Já o sócio da Cascione, Pulino e Boulos Advogados, Caio Loureiro, ressalta que a consulta pode criar cenário de instabilidade institucional para as agências. Ele também aponta para a pouca publicidade dada à consulta pública.
“O problema maior é institucional. Não se faz consulta pública às escuras, sem a devida divulgação, sem combinar com as agências antes que vai lançar a consulta […]. É o tipo de coisa que precisa se ter muito claro o que e como quer atingir.

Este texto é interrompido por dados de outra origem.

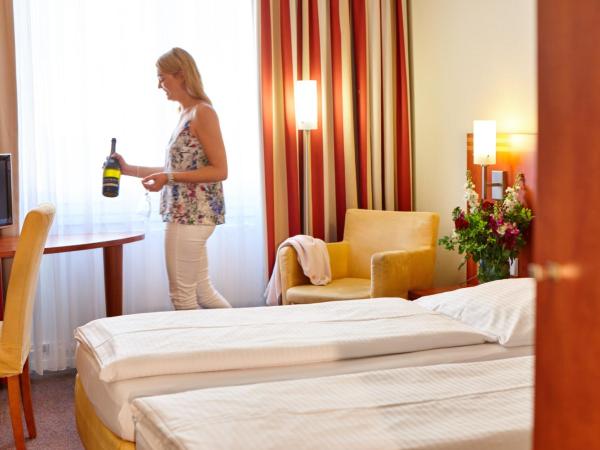 Hotel Concorde : photo 3 de la chambre chambre double ou lits jumeaux standard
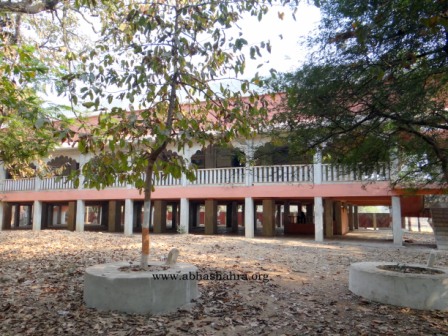 The museum building where one can see paintings depicting Mahaprabhuji's life along with all the Baithaks chitra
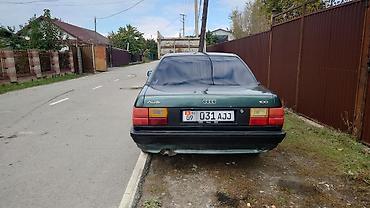 Унаа сатуу: Audi 100: 1988 г., 2.2 л, Кол менен иштөөчү, Бензин, Седан — 3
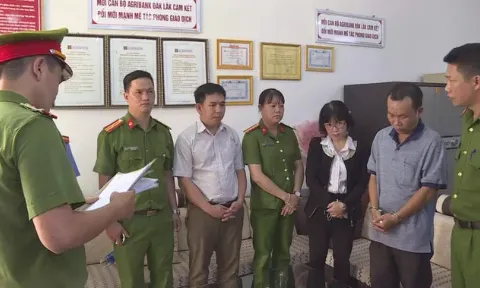 Tạm giam 4 cán bộ ngân hàng gây thoát thoát hàng chục tỉ đồng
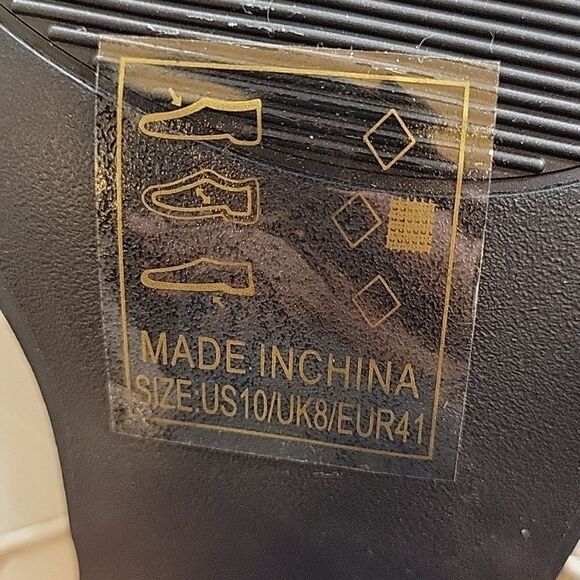 BRAND NEW QUPID POINTED TOE CHUNKY HEEL BOOT - Picture 15 of 15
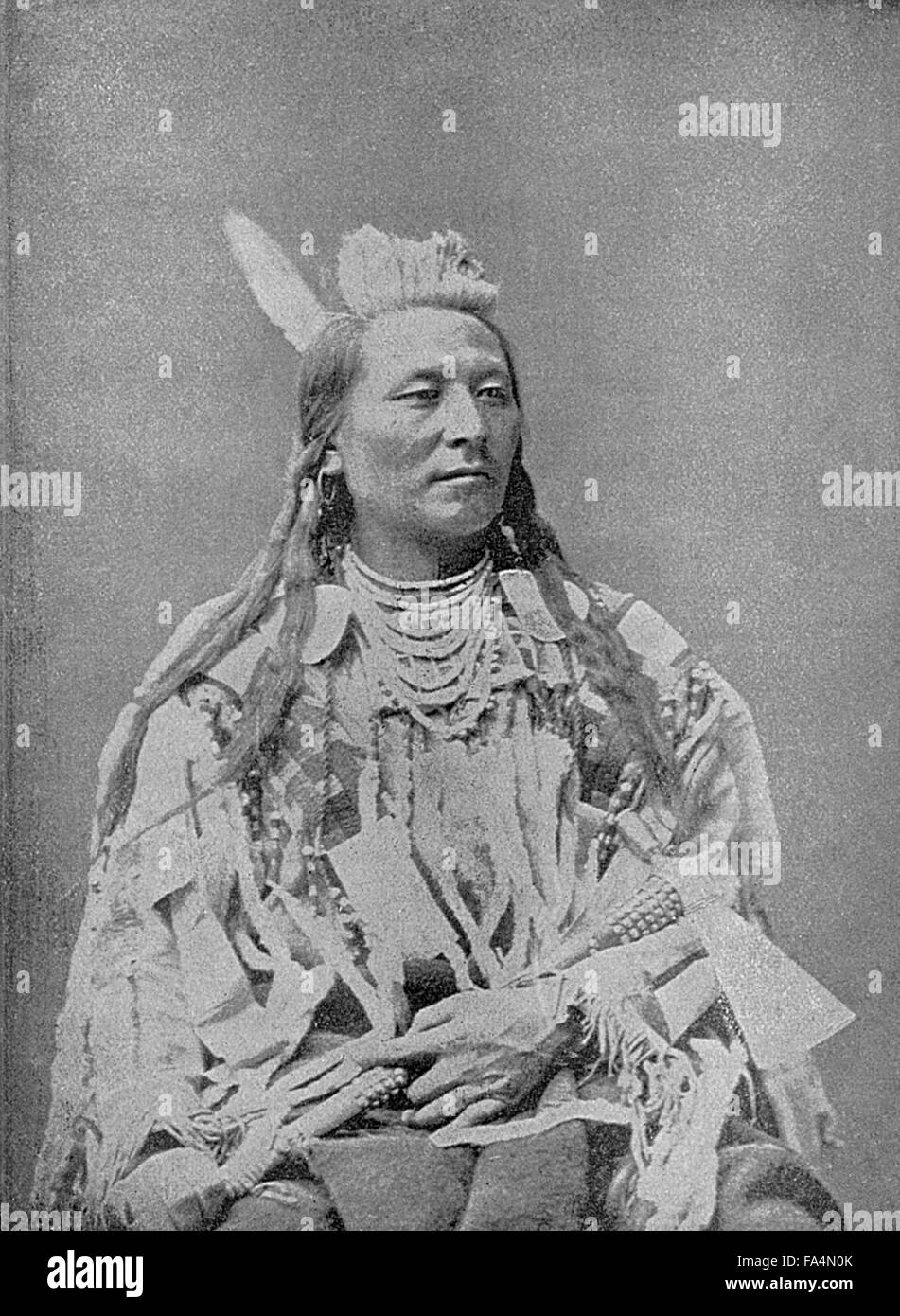 Beaucoup de scalps (1851-1916), Chef Sioux Oglala après Sitting Bull, photographie du livre "horreurs indien ou les massacres de la hommes rouge", par Henry Davenport Northrop, 1891 Banque D'Images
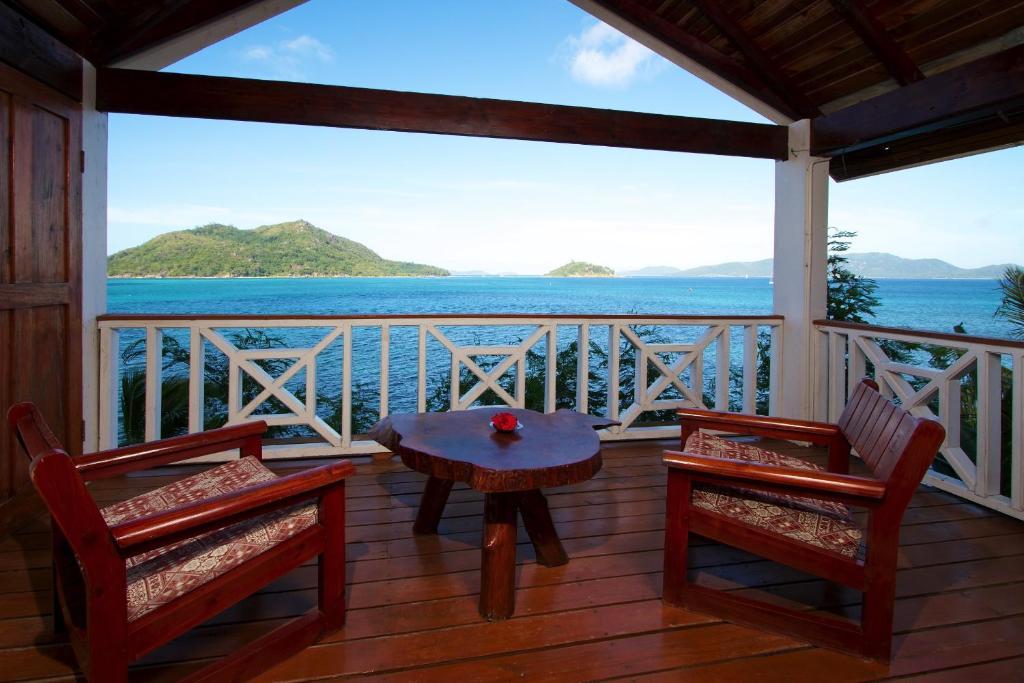 Superior Double Honeymoon Wooden with Seaview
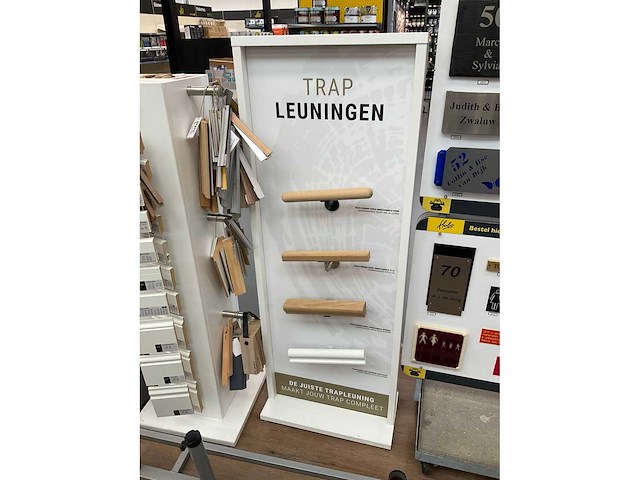 Displays - afbeelding 3 van  5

Quando você olha o objeto dessa consulta, é algo das coisas mais genéricas possíveis”, aponta.
“Abusos”
No dia seguinte à publicação da abertura da consulta no DOU, o secretário Geanluca Lorenzon disse nas redes sociais que o objetivo do procedimento é receber contribuições sobre “potenciais abusos regulatórios de órgãos de ponta, como agências reguladoras e outras autarquias”.
Segundo a Sepec (Secretaria Especial de Produtividade, Emprego e Competitividade) do Ministério da Economia, secretaria à qual Lorenzon é subordinado, os temas passíveis de abuso por parte das agências vão de excessos regulatórios, omissões, inadequação de interpretações até a atuação excessiva em atos públicos de liberação.
Há um total de 13 situações elencadas pela Seae para “facilitar a classificação dos potenciais excessos de reguladores”. Confira as classificações no documento elaborado pela pasta neste link.
Primeiros avisos
A Secretaria de Advocacia da Concorrência e Competitividade validou nesta quarta-feira (10) os primeiros avisos de possível abuso regulatório. As ocorrências foram feitas no âmbito da Fiarc (Frente Intensiva de Avaliação Regulatória e Concorrencial), criada pela secretaria.
Em nota, a secretaria informou que a primeira denúncia acatada foi apresentada pela empresa de aplicativo Buser, que queixa que a prestação de sua atividade foi restringida, “impondo um alto custo para exercício de transporte coletivo rodoviário”.
A segunda denúncia foi feita pelo Sindiporto (Sindicato Nacional das Empresas de Navegação de Apoio Portuário), que alega que a regulação do setor gera distorção concorrencial no mercado de navegação. Os dois casos estão em fase de análise de admissibilidade.